CCSP Free Practice Test

- (Exam Topic 2)
Which approach is typically the most efficient method to use for data discovery?

1. A. Metadata
2. B. Content analysis
3. C. Labels
4. D. ACLs

Correct Answer: A
Metadata is data about data. It contains information about the type of data, how it is stored and organized, or information about its creation and use.

- (Exam Topic 3)
Many tools and technologies are available for securing or monitoring data in transit within a data center, whether it is a traditional data center or a cloud.
Which of the following is NOT a technology for securing data in transit?

1. A. VPN
2. B. TLS
3. C. DNSSEC
4. D. HTTPS

Correct Answer: C
DNSSEC is an extension of the normal DNS protocol that enables a system to verify the integrity of a DNS query resolution by signing it from the authoritative source and verifying the signing chain. It is not used for
securing data transmissions or exchanges. HTTPS is the most common method for securing web service and data calls within a cloud, and TLS is the current standard for encrypting HTTPS traffic. VPNs are widely used for securing data transmissions and service access.

- (Exam Topic 4)
Which of the following is NOT a major regulatory framework?

1. A. PCI DSS
2. B. HIPAA
3. C. SOX
4. D. FIPS 140-2

Correct Answer: D
FIPS 140-2 is a United States certification standard for cryptographic modules, and it provides guidance and requirements for their use based on the requirements of the data classification.
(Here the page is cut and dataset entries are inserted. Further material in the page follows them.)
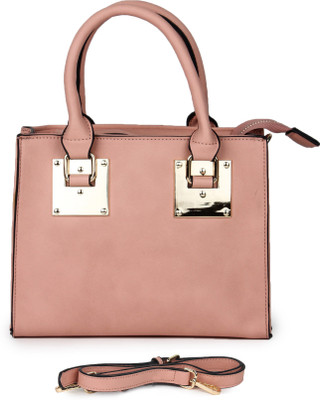

Amatra Hand-held Bag(Pink)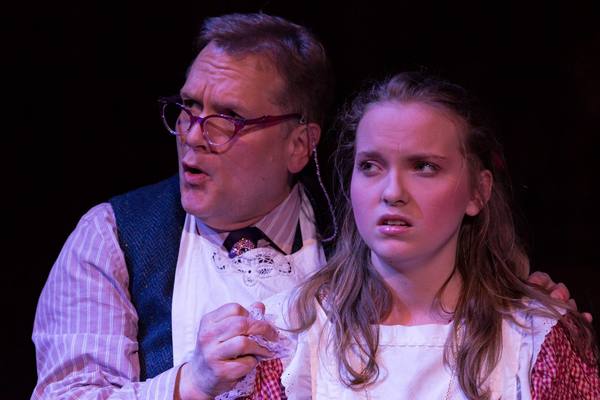 Photo Flash: The Lakewood Playhouse Presents PETER AND THE STARCATCHER 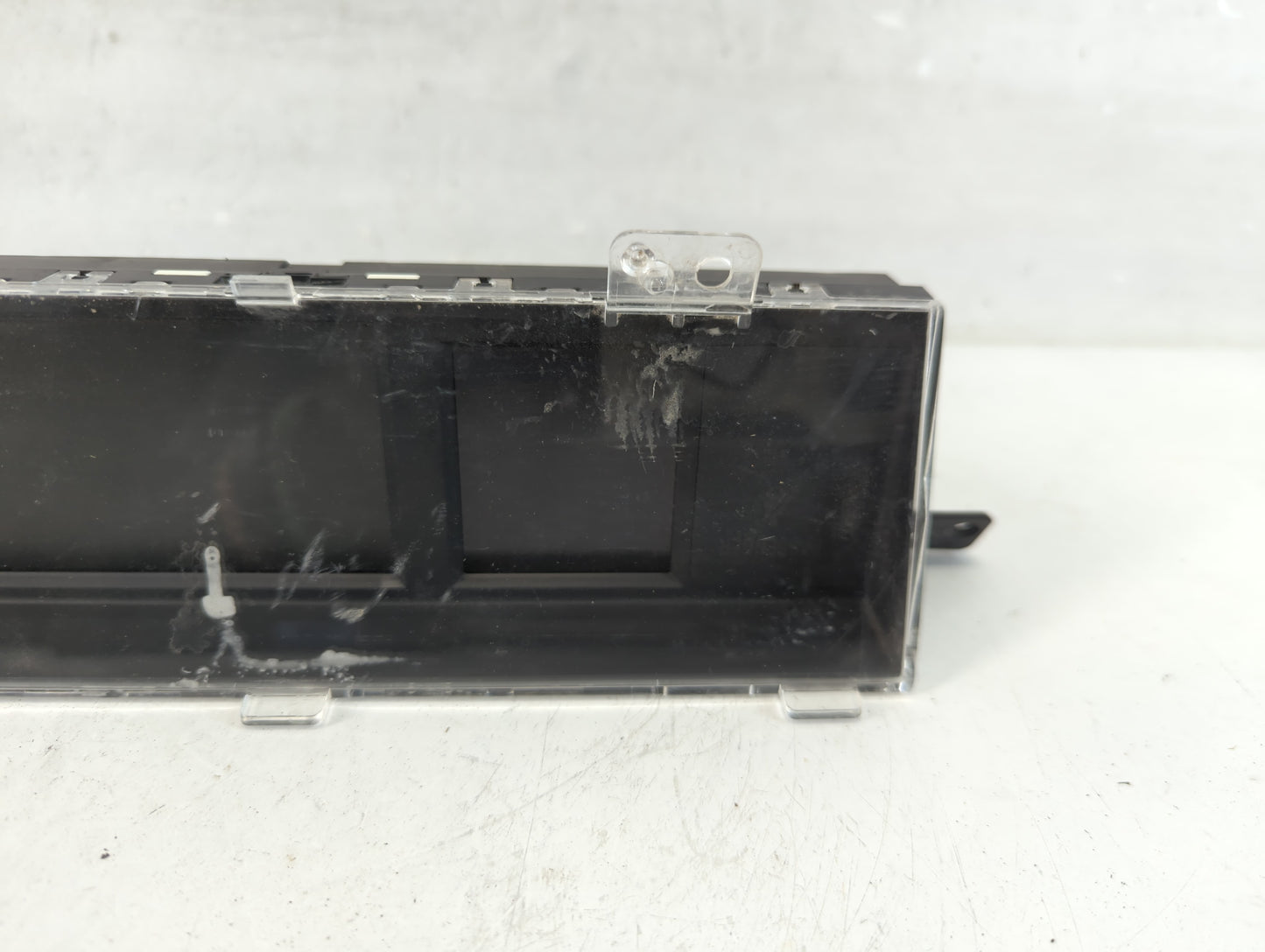 2016-2016 Subaru Wrx Information Display Screen - Oemusedautoparts1.com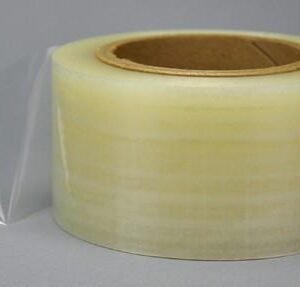 Palmero Healthcare 2 1/2” x 6” Clear Barrier Film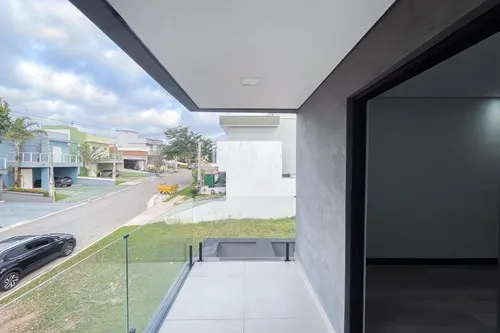 Casa &agrave; venda, 195m - R$ 1.399.000 - 3 Su&iacute;tes - Cond. Campos do Conde - Sorocaba SP Rua Manoel Baeza Martines Sorocaba -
However, these are not actual regulatory requirements. The Health Insurance Portability and Accountability Act (HIPAA), Sarbanes-Oxley Act (SOX), and the Payment Card Industry Data Security Standard (PCI DSS) are all major regulatory frameworks either by law or specific to an industry.

- (Exam Topic 2)
Which entity requires all collection and storing of data on their citizens to be done on hardware that resides within their borders?

1. A. Russia
2. B. France
3. C. Germany
4. D. United States

Correct Answer: A
Signed into law and effective starting on September 1, 2015, Russian Law 526-FZ establishes that any collecting, storing, or processing of personal information or data on Russian citizens must be done from systems and databases that are physically located with the Russian Federation.

- (Exam Topic 4)
All of the following are terms used to described the practice of obscuring original raw data so that only a portion is displayed for operational purposes, except:

1. A. Tokenization
2. B. Masking
3. C. Data discovery
4. D. Obfuscation

Correct Answer: C
Data discovery is a term used to describe the process of identifying information according to specific traits or categories. The rest are all methods for obscuring data.